Task: When the line containing "Hooded Merganser" is found in the data below, copy it and each line after it through the line containing "White Chicken And Begonia", exactly and with no others.

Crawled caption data

####

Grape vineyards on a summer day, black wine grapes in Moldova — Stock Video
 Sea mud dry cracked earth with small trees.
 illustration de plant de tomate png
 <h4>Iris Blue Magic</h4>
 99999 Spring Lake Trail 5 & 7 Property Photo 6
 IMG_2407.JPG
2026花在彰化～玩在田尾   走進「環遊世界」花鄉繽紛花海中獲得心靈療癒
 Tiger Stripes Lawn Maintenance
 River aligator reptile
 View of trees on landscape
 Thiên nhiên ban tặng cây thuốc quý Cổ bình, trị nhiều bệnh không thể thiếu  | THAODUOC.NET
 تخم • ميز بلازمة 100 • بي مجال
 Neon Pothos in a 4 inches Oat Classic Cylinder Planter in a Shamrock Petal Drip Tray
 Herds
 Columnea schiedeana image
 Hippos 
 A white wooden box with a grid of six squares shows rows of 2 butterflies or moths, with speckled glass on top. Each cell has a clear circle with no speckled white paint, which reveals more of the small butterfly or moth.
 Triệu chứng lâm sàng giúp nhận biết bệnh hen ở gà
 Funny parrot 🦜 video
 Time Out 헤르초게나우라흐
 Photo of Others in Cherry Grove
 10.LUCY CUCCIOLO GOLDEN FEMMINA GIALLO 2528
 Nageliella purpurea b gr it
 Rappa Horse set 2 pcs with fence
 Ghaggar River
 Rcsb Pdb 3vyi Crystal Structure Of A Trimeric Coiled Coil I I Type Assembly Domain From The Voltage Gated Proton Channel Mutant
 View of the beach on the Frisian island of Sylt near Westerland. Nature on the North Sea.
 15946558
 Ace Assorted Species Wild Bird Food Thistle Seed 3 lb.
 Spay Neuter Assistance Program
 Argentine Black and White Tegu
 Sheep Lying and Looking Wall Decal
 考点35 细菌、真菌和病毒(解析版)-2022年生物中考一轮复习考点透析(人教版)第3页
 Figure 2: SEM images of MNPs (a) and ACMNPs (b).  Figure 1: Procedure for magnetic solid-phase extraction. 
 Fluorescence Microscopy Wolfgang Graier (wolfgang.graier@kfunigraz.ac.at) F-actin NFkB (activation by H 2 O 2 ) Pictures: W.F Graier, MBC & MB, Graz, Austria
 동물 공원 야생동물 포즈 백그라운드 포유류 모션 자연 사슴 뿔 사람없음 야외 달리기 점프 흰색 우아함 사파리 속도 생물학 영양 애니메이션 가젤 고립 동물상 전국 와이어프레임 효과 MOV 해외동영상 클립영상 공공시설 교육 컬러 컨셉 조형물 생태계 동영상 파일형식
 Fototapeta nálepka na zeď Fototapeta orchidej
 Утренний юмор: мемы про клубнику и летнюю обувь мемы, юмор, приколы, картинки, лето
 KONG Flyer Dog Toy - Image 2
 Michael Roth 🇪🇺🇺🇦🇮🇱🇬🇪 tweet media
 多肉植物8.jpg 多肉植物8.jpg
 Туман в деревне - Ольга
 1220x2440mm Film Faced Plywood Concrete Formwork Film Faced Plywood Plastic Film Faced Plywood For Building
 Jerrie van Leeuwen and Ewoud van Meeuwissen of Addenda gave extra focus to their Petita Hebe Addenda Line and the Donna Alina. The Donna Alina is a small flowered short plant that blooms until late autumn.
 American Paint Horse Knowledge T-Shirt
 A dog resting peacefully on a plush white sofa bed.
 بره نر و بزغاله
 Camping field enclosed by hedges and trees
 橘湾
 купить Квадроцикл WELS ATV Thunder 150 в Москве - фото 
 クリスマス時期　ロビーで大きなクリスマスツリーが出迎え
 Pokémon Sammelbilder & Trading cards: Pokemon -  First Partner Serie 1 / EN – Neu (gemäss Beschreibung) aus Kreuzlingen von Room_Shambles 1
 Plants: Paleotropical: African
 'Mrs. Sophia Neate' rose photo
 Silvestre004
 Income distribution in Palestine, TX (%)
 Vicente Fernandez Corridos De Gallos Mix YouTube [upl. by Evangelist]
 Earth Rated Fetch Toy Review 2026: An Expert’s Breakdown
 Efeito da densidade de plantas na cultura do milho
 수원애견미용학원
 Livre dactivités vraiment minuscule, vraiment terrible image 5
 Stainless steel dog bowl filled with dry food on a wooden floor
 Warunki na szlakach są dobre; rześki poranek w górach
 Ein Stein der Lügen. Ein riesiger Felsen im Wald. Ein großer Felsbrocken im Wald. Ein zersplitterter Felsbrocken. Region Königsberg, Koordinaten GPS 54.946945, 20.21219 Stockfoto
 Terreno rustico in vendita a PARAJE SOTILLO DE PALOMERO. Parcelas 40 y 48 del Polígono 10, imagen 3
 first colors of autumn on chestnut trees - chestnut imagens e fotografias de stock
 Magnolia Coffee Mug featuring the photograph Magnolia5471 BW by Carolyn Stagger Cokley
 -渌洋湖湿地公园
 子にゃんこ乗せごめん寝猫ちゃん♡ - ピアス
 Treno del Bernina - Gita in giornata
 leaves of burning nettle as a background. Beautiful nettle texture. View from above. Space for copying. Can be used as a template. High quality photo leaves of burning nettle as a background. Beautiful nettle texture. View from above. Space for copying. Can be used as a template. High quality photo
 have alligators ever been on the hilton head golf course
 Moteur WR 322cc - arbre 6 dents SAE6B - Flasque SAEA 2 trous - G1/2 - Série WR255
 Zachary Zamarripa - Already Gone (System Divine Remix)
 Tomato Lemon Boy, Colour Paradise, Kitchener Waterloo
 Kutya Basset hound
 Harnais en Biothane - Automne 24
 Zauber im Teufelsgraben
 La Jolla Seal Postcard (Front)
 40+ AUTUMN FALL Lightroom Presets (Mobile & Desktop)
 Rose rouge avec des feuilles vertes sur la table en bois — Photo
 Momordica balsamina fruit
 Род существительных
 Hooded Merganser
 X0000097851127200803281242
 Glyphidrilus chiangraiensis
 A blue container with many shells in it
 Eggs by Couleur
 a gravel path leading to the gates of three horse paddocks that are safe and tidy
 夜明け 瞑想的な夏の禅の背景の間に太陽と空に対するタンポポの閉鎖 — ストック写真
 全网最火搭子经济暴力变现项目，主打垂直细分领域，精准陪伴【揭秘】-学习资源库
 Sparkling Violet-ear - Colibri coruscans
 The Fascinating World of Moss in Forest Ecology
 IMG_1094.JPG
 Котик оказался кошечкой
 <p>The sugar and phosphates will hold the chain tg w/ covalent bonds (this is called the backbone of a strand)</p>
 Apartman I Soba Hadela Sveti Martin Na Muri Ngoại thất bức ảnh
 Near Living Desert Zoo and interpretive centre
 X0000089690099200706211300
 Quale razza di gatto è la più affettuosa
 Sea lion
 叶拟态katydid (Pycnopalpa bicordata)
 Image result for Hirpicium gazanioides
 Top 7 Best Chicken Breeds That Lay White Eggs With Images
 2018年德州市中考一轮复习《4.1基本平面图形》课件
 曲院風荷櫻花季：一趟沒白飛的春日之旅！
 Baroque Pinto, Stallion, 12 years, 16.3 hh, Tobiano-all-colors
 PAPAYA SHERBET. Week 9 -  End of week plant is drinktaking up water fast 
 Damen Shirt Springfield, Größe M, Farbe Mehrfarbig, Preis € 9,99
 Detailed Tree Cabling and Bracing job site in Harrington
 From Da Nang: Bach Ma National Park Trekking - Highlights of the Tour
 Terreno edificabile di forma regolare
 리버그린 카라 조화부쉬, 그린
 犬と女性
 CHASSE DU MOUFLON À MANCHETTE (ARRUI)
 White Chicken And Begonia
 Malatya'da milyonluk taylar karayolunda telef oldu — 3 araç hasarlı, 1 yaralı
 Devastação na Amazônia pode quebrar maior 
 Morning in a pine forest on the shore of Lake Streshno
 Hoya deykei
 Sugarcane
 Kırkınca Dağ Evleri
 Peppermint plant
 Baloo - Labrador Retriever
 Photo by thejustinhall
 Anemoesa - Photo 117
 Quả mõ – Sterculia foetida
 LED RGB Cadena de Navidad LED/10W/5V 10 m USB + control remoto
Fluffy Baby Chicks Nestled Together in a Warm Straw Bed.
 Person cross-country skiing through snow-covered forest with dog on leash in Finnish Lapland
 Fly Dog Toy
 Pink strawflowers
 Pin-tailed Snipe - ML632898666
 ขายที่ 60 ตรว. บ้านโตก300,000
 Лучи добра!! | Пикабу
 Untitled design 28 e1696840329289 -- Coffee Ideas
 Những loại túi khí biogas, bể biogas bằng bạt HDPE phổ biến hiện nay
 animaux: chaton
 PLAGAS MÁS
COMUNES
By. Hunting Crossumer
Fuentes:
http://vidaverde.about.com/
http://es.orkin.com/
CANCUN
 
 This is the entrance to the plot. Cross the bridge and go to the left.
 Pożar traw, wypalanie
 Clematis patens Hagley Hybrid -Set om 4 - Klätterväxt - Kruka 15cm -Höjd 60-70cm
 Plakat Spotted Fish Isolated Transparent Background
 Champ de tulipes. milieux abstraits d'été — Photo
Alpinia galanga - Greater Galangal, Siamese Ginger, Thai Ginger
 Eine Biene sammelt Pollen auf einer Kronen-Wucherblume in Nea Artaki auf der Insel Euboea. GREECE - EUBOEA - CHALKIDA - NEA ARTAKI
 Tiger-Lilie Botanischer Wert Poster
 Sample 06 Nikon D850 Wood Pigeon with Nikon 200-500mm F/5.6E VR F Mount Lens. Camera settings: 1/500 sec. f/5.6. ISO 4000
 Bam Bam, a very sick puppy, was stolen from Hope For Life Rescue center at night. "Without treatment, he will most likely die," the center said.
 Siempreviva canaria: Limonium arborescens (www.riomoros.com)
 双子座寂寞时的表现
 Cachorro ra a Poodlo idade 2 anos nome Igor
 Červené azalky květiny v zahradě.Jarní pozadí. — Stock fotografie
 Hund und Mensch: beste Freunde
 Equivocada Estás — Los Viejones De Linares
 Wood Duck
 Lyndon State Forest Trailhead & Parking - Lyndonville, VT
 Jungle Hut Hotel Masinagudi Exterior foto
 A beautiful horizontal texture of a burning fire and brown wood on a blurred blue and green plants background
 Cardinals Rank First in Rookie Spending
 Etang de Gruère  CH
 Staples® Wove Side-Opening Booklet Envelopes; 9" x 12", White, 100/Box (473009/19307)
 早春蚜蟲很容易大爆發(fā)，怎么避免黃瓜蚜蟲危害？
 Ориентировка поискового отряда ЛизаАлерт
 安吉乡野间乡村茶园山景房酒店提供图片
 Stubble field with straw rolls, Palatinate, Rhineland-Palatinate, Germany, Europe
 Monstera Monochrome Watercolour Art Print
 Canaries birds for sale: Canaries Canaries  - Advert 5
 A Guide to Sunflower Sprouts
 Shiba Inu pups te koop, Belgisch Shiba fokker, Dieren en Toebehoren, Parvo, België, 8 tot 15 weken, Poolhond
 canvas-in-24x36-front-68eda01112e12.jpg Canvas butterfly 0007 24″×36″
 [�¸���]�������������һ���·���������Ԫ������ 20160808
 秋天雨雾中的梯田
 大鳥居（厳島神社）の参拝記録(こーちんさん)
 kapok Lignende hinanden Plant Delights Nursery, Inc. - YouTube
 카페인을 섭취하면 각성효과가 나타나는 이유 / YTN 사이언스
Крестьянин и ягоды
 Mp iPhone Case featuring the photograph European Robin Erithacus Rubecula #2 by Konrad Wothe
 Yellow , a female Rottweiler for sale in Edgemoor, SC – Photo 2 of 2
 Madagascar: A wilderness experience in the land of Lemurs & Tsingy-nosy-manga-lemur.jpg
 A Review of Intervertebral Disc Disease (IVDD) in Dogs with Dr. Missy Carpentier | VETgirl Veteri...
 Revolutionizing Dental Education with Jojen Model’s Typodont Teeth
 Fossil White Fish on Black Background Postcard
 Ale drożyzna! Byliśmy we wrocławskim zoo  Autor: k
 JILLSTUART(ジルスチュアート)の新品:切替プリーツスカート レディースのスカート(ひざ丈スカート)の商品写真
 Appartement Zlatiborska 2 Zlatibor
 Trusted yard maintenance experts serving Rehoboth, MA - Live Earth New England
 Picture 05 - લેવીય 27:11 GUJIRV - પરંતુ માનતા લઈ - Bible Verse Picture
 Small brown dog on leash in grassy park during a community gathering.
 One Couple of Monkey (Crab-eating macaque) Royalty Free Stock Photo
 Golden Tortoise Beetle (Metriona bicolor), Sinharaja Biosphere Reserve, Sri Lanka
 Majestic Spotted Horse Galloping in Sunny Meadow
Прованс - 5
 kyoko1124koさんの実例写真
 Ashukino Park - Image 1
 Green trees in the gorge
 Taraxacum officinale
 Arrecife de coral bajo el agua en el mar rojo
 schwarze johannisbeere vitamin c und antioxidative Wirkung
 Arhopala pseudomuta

####

Task answer:
 Hooded Merganser
 X0000097851127200803281242
 Glyphidrilus chiangraiensis
 A blue container with many shells in it
 Eggs by Couleur
 a gravel path leading to the gates of three horse paddocks that are safe and tidy
 夜明け 瞑想的な夏の禅の背景の間に太陽と空に対するタンポポの閉鎖 — ストック写真
 全网最火搭子经济暴力变现项目，主打垂直细分领域，精准陪伴【揭秘】-学习资源库
 Sparkling Violet-ear - Colibri coruscans
 The Fascinating World of Moss in Forest Ecology
 IMG_1094.JPG
 Котик оказался кошечкой
 <p>The sugar and phosphates will hold the chain tg w/ covalent bonds (this is called the backbone of a strand)</p>
 Apartman I Soba Hadela Sveti Martin Na Muri Ngoại thất bức ảnh
 Near Living Desert Zoo and interpretive centre
 X0000089690099200706211300
 Quale razza di gatto è la più affettuosa
 Sea lion
 叶拟态katydid (Pycnopalpa bicordata)
 Image result for Hirpicium gazanioides
 Top 7 Best Chicken Breeds That Lay White Eggs With Images
 2018年德州市中考一轮复习《4.1基本平面图形》课件
 曲院風荷櫻花季：一趟沒白飛的春日之旅！
 Baroque Pinto, Stallion, 12 years, 16.3 hh, Tobiano-all-colors
 PAPAYA SHERBET. Week 9 -  End of week plant is drinktaking up water fast 
 Damen Shirt Springfield, Größe M, Farbe Mehrfarbig, Preis € 9,99
 Detailed Tree Cabling and Bracing job site in Harrington
 From Da Nang: Bach Ma National Park Trekking - Highlights of the Tour
 Terreno edificabile di forma regolare
 리버그린 카라 조화부쉬, 그린
 犬と女性
 CHASSE DU MOUFLON À MANCHETTE (ARRUI)
 White Chicken And Begonia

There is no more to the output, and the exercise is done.